• What to do: Print, exactly as they appear in the listing below, the lines from the line with "Example of swapMainBlockchain" to the line with "Home Hvac Systems, CO2, ERV - detail 14", with both end lines kept.

• Records supplied:
● ● ●

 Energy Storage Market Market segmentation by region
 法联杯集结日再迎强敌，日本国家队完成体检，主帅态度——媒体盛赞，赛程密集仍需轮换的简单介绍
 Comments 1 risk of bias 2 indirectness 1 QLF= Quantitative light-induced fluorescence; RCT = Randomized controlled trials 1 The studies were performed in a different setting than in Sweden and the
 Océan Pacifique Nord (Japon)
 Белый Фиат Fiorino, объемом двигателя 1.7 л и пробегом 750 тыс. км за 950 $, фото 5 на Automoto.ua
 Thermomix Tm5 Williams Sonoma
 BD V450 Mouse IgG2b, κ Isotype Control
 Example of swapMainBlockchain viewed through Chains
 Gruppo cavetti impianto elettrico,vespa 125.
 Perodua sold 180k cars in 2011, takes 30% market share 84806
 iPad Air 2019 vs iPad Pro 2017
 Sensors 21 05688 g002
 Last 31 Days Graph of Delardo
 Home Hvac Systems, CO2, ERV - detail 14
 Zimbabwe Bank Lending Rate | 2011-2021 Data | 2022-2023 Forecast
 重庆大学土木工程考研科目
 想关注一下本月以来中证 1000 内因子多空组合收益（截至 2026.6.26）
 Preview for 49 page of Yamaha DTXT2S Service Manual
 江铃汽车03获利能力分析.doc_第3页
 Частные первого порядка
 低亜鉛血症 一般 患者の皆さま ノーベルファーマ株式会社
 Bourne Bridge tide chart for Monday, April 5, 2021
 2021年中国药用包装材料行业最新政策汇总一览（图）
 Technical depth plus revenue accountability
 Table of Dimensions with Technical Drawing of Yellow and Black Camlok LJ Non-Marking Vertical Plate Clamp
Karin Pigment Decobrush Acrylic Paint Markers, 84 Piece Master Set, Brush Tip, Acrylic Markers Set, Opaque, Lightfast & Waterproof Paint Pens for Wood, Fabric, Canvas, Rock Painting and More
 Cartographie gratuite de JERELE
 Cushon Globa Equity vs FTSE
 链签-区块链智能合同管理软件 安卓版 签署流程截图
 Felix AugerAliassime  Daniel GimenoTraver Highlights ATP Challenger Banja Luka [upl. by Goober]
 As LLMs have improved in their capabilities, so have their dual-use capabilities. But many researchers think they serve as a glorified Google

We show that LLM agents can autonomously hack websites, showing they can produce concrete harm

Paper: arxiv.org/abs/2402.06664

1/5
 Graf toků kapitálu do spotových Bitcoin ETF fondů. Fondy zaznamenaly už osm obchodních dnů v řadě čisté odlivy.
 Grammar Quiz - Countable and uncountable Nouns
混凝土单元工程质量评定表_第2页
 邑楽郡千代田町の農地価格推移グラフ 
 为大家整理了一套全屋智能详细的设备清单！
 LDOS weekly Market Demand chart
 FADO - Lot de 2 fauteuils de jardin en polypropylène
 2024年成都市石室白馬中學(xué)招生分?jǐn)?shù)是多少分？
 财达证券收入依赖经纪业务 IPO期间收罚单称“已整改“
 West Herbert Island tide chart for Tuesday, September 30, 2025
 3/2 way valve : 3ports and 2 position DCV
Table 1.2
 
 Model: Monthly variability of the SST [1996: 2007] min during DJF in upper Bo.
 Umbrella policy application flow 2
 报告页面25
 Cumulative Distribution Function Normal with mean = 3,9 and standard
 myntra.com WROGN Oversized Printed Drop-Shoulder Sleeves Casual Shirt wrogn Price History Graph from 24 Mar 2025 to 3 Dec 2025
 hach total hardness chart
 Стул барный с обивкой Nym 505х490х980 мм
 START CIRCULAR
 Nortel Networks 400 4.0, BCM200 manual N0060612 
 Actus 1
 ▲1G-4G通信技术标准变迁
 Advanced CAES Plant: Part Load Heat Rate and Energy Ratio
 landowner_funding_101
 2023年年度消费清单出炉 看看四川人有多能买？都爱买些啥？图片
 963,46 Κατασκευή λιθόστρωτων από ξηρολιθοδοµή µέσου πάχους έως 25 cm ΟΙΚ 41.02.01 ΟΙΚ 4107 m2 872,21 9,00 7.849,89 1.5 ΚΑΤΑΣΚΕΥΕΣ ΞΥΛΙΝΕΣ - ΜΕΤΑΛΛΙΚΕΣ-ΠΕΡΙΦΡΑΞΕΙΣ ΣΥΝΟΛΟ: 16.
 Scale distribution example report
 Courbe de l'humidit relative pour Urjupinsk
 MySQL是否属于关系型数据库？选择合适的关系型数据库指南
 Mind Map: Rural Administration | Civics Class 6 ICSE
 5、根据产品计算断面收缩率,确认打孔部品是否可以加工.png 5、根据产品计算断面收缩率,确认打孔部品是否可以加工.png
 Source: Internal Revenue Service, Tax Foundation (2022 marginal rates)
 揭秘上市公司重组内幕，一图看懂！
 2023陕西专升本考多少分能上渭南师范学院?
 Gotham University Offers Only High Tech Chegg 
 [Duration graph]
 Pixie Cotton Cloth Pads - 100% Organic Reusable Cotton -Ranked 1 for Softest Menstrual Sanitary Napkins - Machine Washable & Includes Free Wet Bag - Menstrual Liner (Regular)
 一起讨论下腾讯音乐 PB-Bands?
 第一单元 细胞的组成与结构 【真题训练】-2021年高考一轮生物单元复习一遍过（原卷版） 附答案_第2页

● ● ●

• Task answer:
 Example of swapMainBlockchain viewed through Chains
 Gruppo cavetti impianto elettrico,vespa 125.
 Perodua sold 180k cars in 2011, takes 30% market share 84806
 iPad Air 2019 vs iPad Pro 2017
 Sensors 21 05688 g002
 Last 31 Days Graph of Delardo
 Home Hvac Systems, CO2, ERV - detail 14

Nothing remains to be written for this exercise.